STUDY MATERIAL:
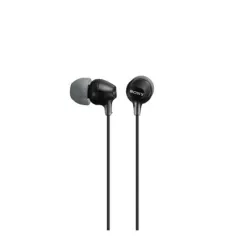 Проводные наушники Sony MDR-EX15AP MDREX15APB.CE7, черный цв.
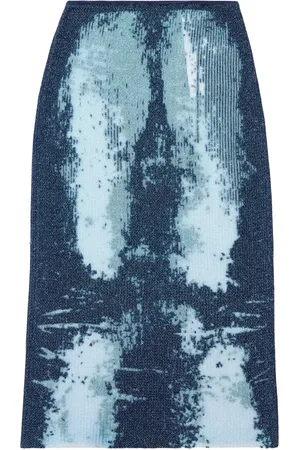 Diesel Falda midi M-Begonia
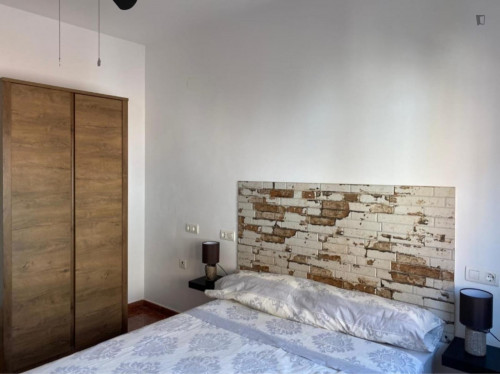 Stunning 2-bedroom flat close to Club Náutico de Motril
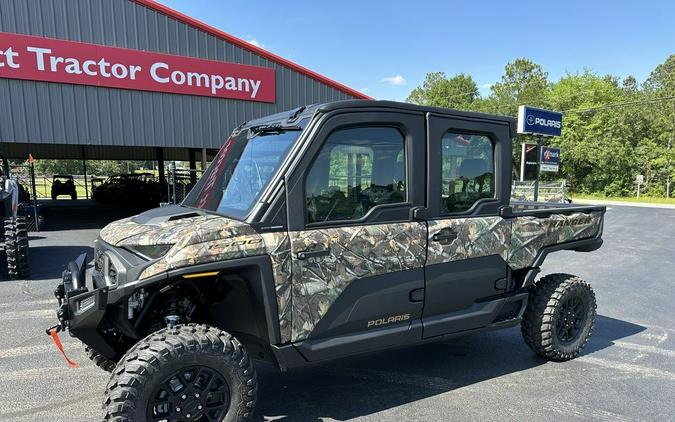 2024 Polaris® Ranger Crew XD 1500 NorthStar Edition Ultimate Camo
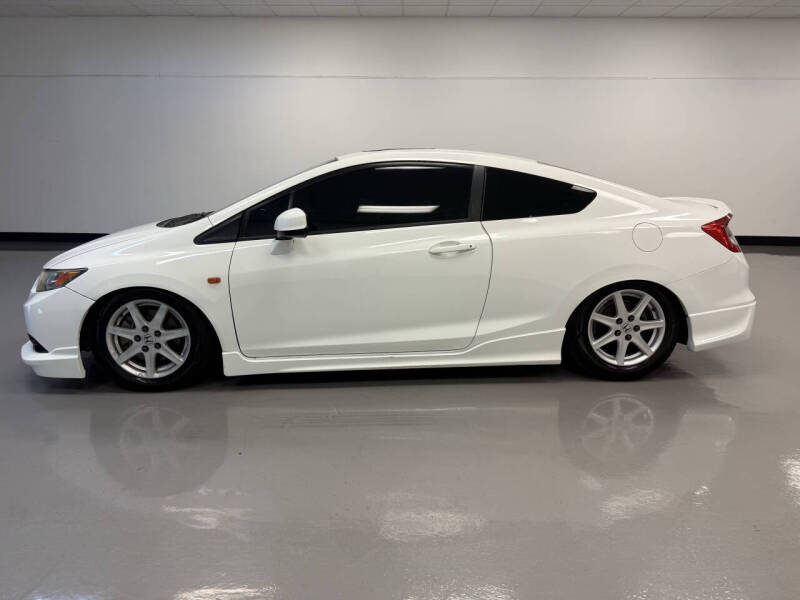 2013 Honda Civic Si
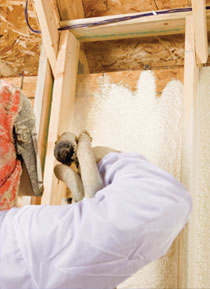 Paterson Spray Foam Insulation Services and Benefits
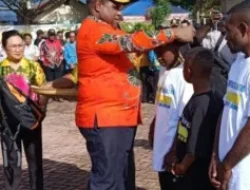 Kemensos Targetkan 100 Sekolah Rakyat, Tiga Kabupaten Papua Terdepan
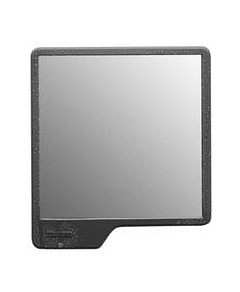 Tooletries The Oliver | Shower Mirror - Charcoal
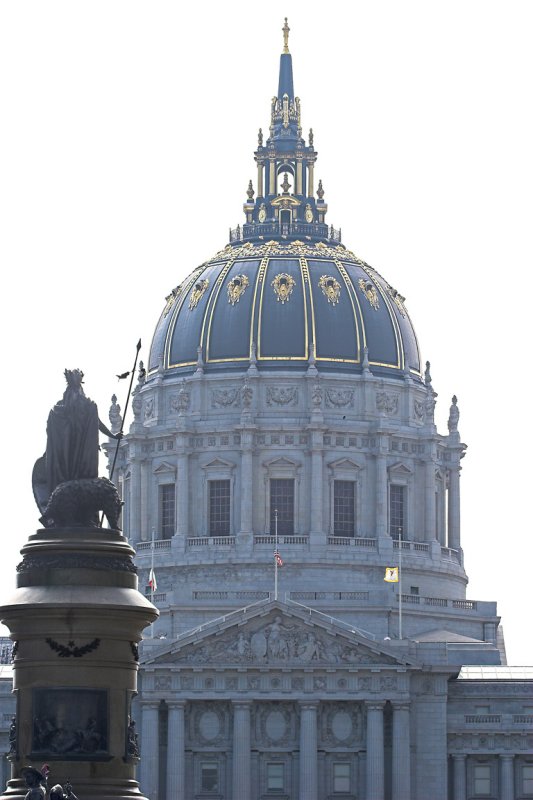City Hall Dome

WHAT TO DO:
The records above are to be repeated word for word, with the pictures omitted.

TASK RESULT:
 Проводные наушники Sony MDR-EX15AP MDREX15APB.CE7, черный цв.
 Diesel Falda midi M-Begonia
 Stunning 2-bedroom flat close to Club Náutico de Motril
 2024 Polaris® Ranger Crew XD 1500 NorthStar Edition Ultimate Camo
 2013 Honda Civic Si
 Paterson Spray Foam Insulation Services and Benefits
 Kemensos Targetkan 100 Sekolah Rakyat, Tiga Kabupaten Papua Terdepan
 Tooletries The Oliver | Shower Mirror - Charcoal
City Hall Dome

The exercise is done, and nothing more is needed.